Procedures of a Novel Modified Bascule Method

Exfoliation of the gap between layers A, B, and C can be performed easily using robotic articulated forceps (Fig. 2, top left and right). Layer A is cut along the divided upper esophagus, which subsequently accentuates layer C (Fig. 2, bottom left and right, video 2). From the ventral side to the dorsal side, LNs are collected between the left RLN and the proximal portion of the divided esophagus (Fig. 3, top left and right).

Fig. 2
figure 2

Exfoliation of the gap between layers A, B, and C. Top left and right: Exfoliation of the gap between layers A, B, and C using robotic articulated forceps allows for the easy identification of each layer. Bottom left and right: Layer A is cut along the divided upper esophagus, subsequently highlighting layer C

Fig. 3
figure 3

Collection of lymph nodes (LNs) toward the esophagus while the left recurrent laryngeal nerve (RLN) is kept attached to layer C. Inside layer C. Top left and right: From the ventral to the dorsal side, LNs are collected between the left RLN and the proximal portion of the divided esophagus. Bottom left: LNs are collected toward the esophagus using the green gauze. With this procedure, only the left RLN remains attached to layer C. Bottom right: Layer C is cut behind the left RLN. LNs are dissected with the esophagus.
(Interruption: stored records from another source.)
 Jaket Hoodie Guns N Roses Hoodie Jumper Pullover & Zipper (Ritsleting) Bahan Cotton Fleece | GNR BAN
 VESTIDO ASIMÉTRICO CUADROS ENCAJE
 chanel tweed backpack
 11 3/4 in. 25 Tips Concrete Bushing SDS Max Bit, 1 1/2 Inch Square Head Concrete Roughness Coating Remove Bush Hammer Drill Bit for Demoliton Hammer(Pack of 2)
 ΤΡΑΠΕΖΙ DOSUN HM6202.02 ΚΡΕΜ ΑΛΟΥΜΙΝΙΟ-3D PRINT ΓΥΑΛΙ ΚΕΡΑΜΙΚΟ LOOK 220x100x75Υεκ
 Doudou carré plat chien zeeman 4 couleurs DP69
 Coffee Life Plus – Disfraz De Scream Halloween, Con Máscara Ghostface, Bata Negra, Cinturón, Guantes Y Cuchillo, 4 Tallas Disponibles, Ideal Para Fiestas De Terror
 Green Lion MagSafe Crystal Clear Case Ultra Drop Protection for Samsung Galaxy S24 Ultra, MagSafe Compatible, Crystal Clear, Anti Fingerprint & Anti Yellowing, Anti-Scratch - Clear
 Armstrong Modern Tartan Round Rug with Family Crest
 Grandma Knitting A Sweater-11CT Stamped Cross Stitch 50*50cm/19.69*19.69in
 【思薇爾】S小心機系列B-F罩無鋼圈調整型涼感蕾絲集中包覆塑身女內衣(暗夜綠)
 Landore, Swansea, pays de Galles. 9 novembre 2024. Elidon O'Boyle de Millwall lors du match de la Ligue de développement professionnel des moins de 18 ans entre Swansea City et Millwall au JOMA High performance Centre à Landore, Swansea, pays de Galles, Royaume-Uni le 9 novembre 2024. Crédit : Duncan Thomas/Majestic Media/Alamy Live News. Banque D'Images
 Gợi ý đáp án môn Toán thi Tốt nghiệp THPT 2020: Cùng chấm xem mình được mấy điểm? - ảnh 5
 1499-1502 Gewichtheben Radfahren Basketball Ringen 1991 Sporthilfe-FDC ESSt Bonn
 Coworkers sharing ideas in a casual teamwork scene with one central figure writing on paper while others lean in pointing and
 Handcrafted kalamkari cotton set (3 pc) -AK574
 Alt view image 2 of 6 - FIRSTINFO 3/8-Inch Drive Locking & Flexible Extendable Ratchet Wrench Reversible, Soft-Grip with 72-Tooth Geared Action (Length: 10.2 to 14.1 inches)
After attachment of the left RLN to the residual layer C, no touching or stretching of the nerve occurred during lymphadenectomy, which could decrease RLN palsy rates

After this procedure, only the left RLN remains attached to layer C. The LNs collected toward the esophagus are hidden behind the green gauze (Fig. 3, bottom left). Layer C then is cut between the left RLN and the LNs collected toward the esophagus. Next, the left RLN is attached to the residual layer C to preserve immobilization and stability (Fig. 3, bottom right). In the cranial area, paracervical esophageal LNs are dissected via the thoracic cavity, with preservation of the left RLN attached to the residual layer C (Fig. 4, top left and right).

Fig. 4
figure 4

En bloc lymphadenectomy while the left recurrent laryngeal nerve (RLN) is kept attached to layer C. Top left and right: In the cranial area, paracervical esophageal lymph nodes (LNs) are dissected via the thoracic cavity while the left RLN attached to the residual layer C is preserved. Bottom left: Finally, the lymphatic chain is cut using clips and scissors. Bottom right: Final image of the modified bascule method. In particular, dissected LNs are attached to the resected layer C with the esophagus, while the left RLN is attached to the residual layer C

Finally, the lymphatic chain is cut using clips and scissors (Fig. 4, bottom left). Dissected LNs are attached to the resected layer C with the esophagus (Fig. 4, bottom right; Fig. 5, top left), while the preserved left RLN is attached to the residual layer C and ventral tissue, leading to the immobilization and stability of the nerve (Fig. 4, bottom right; Fig. 5, top right and bottom left). Through the cervical wound, the clip used for cutting the lymphatic chain after paracervical esophageal LN dissection in the thoracic procedure can be confirmed inside the left RLN (Fig. 4, bottom left and right; Fig. 5, bottom right) (video 3).

Fig. 5
figure 5

Mediastinal and cervical views after lymphadenectomy. Top left: Dissected lymph nodes (LNs) are attached to the resected layer C with the esophagus. Top right and bottom left: The preserved left recurrent laryngeal nerve (RLN) is attached to the residual layer C, leading to fixation to ventral tissue. Bottom right: Through the cervical wound, the clip used for cutting the lymphatic chain at the end of thoracic procedure can be confirmed (arrow)

Outcomes

Postoperative Clinical Course Evaluation

The following parameters were assessed: operative time for the overall and thoracic procedure including the console part; number of harvested LNs of the thoracic portion and along the left RLN; mortality rate; incidence rates of left RLN palsy, pneumonia, and anastomotic leakage; and postoperative hospital stay. Postoperative morbidities were analyzed according to the Clavien–Dindo (C–D) classification system.19 Additionally, left RLN and anastomotic leakages were estimated using Edophagectomy Complications Consensus Group (ECCG) definitions.20 Regarding pneumonia, the Uniform Pneumonia Score also was used. A score of two points or more with at least one point assigned based on pulmonary radiography indicated treatment of suspected pneumonia.21 For all the patients, RLN palsy was estimated by evaluating vocal cord mobility under laryngoscoy on postoperative day 7.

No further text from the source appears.